• **Exercise brief**
Exclude all images and print the entries below exactly.

• **Stored entries**
******

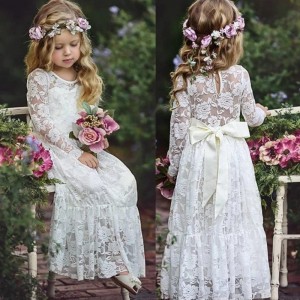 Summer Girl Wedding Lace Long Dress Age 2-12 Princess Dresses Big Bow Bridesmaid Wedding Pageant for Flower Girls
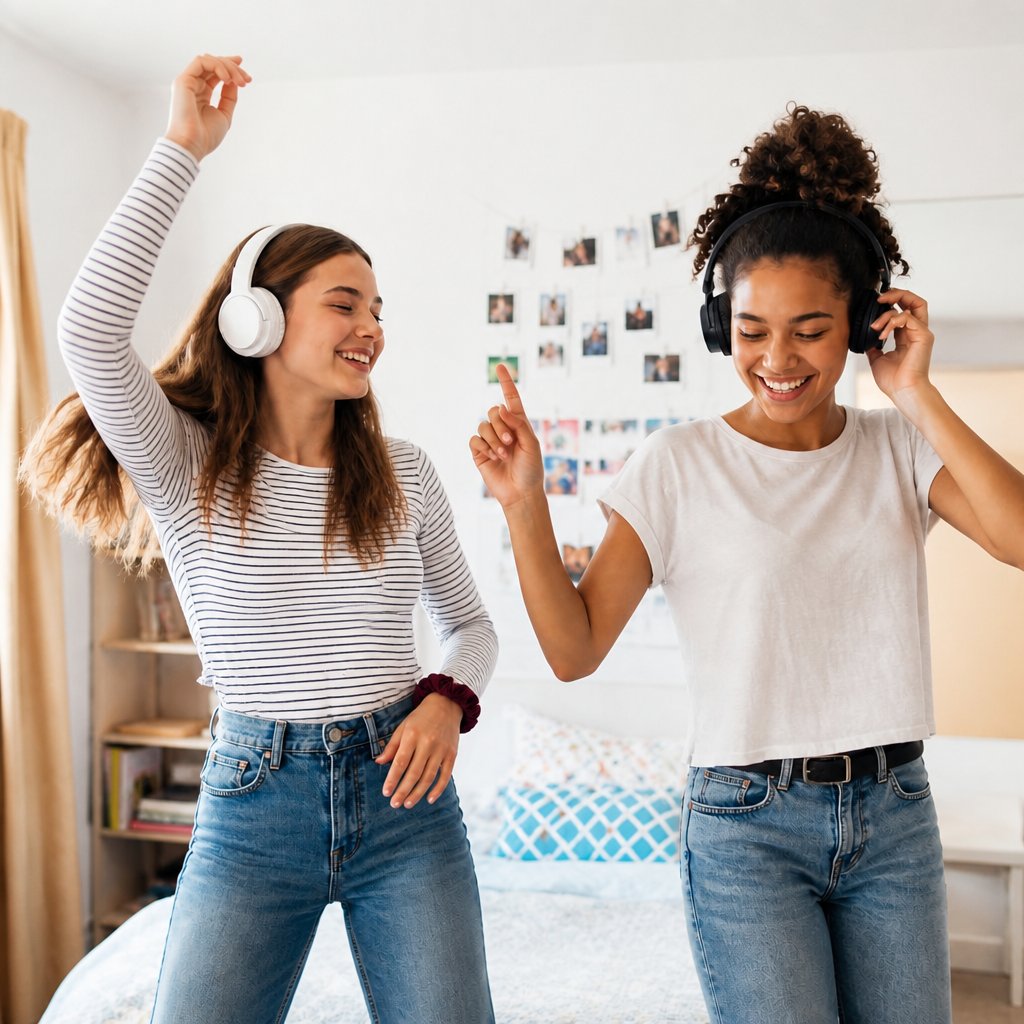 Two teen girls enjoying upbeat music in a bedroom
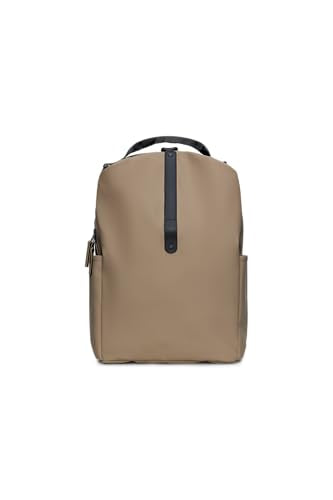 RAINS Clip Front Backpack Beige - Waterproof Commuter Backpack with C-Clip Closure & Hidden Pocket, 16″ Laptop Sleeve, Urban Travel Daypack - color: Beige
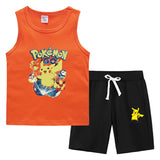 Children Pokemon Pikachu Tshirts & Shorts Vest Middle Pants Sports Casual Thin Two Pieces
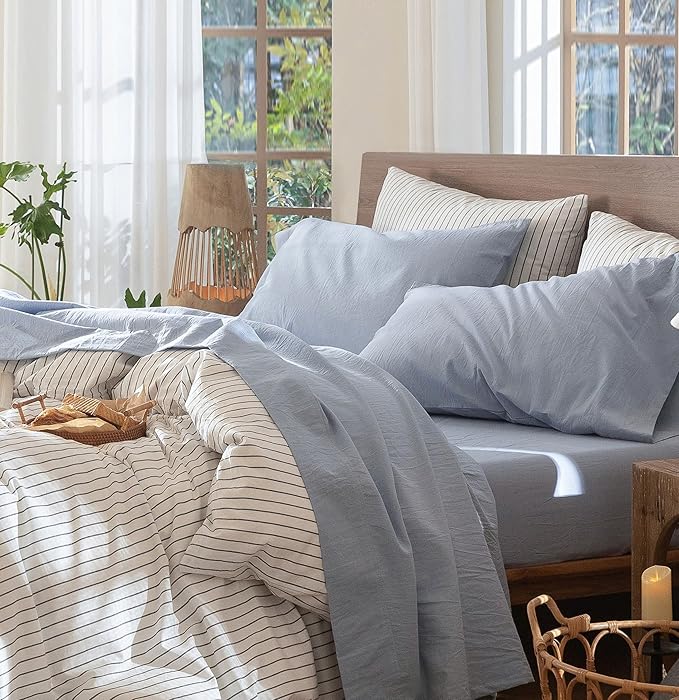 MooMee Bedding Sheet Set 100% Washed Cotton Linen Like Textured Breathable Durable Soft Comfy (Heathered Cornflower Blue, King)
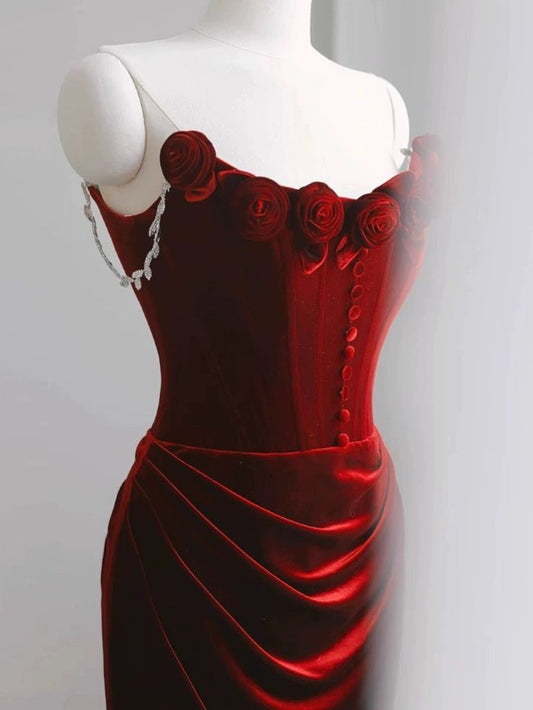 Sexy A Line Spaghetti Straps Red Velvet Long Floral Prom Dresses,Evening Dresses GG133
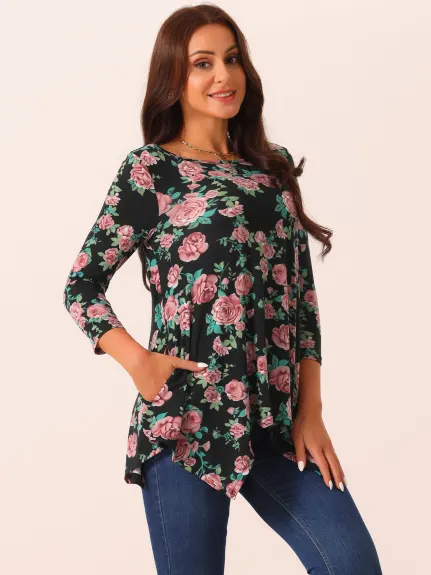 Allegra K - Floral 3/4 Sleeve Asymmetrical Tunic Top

******

• **Result of this exercise**
 Summer Girl Wedding Lace Long Dress Age 2-12 Princess Dresses Big Bow Bridesmaid Wedding Pageant for Flower Girls
 Two teen girls enjoying upbeat music in a bedroom
 RAINS Clip Front Backpack Beige - Waterproof Commuter Backpack with C-Clip Closure & Hidden Pocket, 16″ Laptop Sleeve, Urban Travel Daypack - color: Beige
 Children Pokemon Pikachu Tshirts & Shorts Vest Middle Pants Sports Casual Thin Two Pieces
 MooMee Bedding Sheet Set 100% Washed Cotton Linen Like Textured Breathable Durable Soft Comfy (Heathered Cornflower Blue, King)
 Sexy A Line Spaghetti Straps Red Velvet Long Floral Prom Dresses,Evening Dresses GG133
 Allegra K - Floral 3/4 Sleeve Asymmetrical Tunic Top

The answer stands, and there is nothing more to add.